Milano, da domani a Palazzo Reale la mostra dedicata a De Chirico

Mda

Milano, 24 set. (askanews) - Apre al pubblico domani la mostra dedicata a Giorgio de Chirico (Volos, 1888 - Roma, 1978) che attraverso un centinaio di capolavori ricostruisce l'irripetibile carriera del "pictor optimus".

Le sale di Palazzo Reale a Milano, a distanza di quasi cinquant'anni dalla personale del 1970, tornano a ospitare l'opera di de Chirico in una retrospettiva curata da Luca Massimo Barbero, promossa e prodotta da Comune di Milano-Cultura, da Palazzo Reale, da Marsilio e da Electa, in collaborazione con la Fondazione Giorgio e Isa de Chirico e Barcor17.

Un percorso espositivo fatto di confronti inediti e accostamenti irripetibili che svelano il "fantasmico" mondo di una delle più complesse figure artistiche del XX secolo.
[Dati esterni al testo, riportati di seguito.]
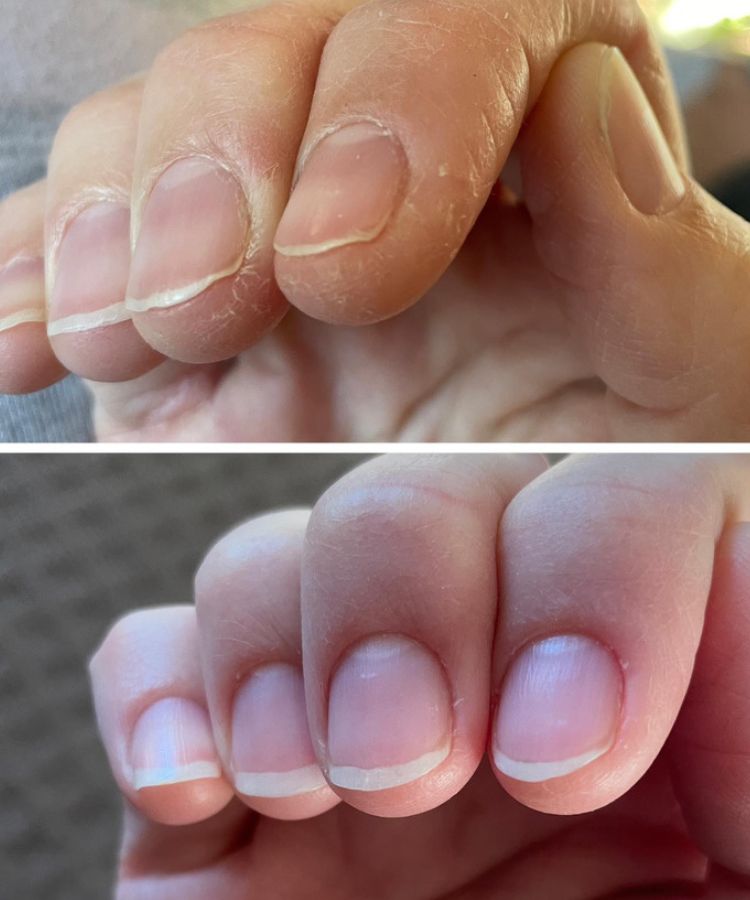 After 25 Years of Biting My Nails, I Think I've Finally Found a Solution —  See My Before & After Photos | Allure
L'esposizione offre la chiave d'accesso a una pittura ermetica che affonda le sue radici nella Grecia dell'infanzia, matura nella Parigi delle avanguardie, dà vita alla Metafisica che stregai surrealisti e conquista Andy Warhol e, infine, getta scompiglio con le sue irriverenti quanto ironiche rivisitazioni del Barocco.

"Palazzo Reale propone con questa mostra un affondo su un pittore straordinario la cui cifra stilistica, inconfondibile, ha segnato l'arte del secolo scorso ispirando molti artisti, al di qua e al di là dell'oceano - ha dichiarato l'assessore Filippo Del Corno -. L'alta qualità della curatela scientifica, la cura dell'allestimento e del dialogo tra le opere, la collaborazione con i più importanti musei nazionali e internazionali costituiscono ormai un modello per la realizzazione delle mostre milanesi, che si rivelano sempre più attrattive, non solo per gli specialisti ma anche per tutti gli appassionati dell'arte che, come dimostrano i numeri, giungono sempre più numerosi da ogni parte dell'Italia e del mondo".
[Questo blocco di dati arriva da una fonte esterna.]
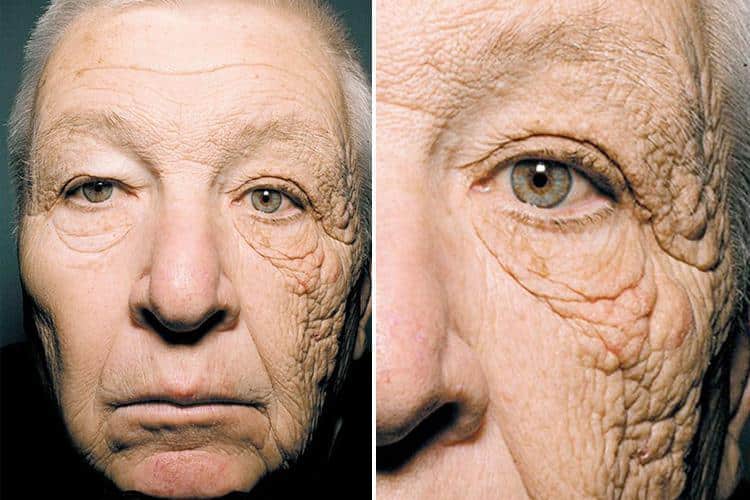 truck driver sun damage        
        <figure class=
Le opere in mostra provengono da importanti musei internazionali tra i quali la Tate Modern di Londra, il Metropolitan Museum di New York, il Centre Pompidou e il Musée d'Art Moderne de la Ville de Paris, la Galleria Nazionale di Arte Moderna e Contemporanea (GNAM) di Roma, la Peggy Guggenheim Collection di Venezia, The Menil Collection di Houston e il MAC USP di San Paolo in Brasile. Numerose sono anche le istituzioni milanesi: il Museo del Novecento, la Casa Museo Boschi di Stefano, la Pinacoteca di Brera e Villa Necchi Campiglio.
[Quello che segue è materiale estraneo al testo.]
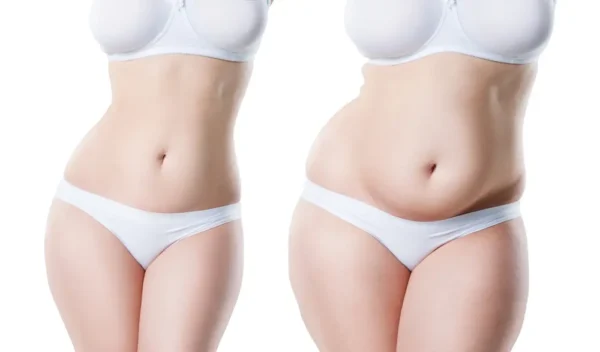 Types of Liposuction Techniques in Turkey - Lerra Clinic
Suddivisa in otto sale, l'esposizione procede per temi pensati secondo accostamenti inediti e confronti originali come in una catena di reazioni visive che, come scriveva de Chirico nel 1918, rincorrono "il demone in ogni cosa […] l'occhio in ogni cosa [perché] Siamo esploratori pronti per altre partenze".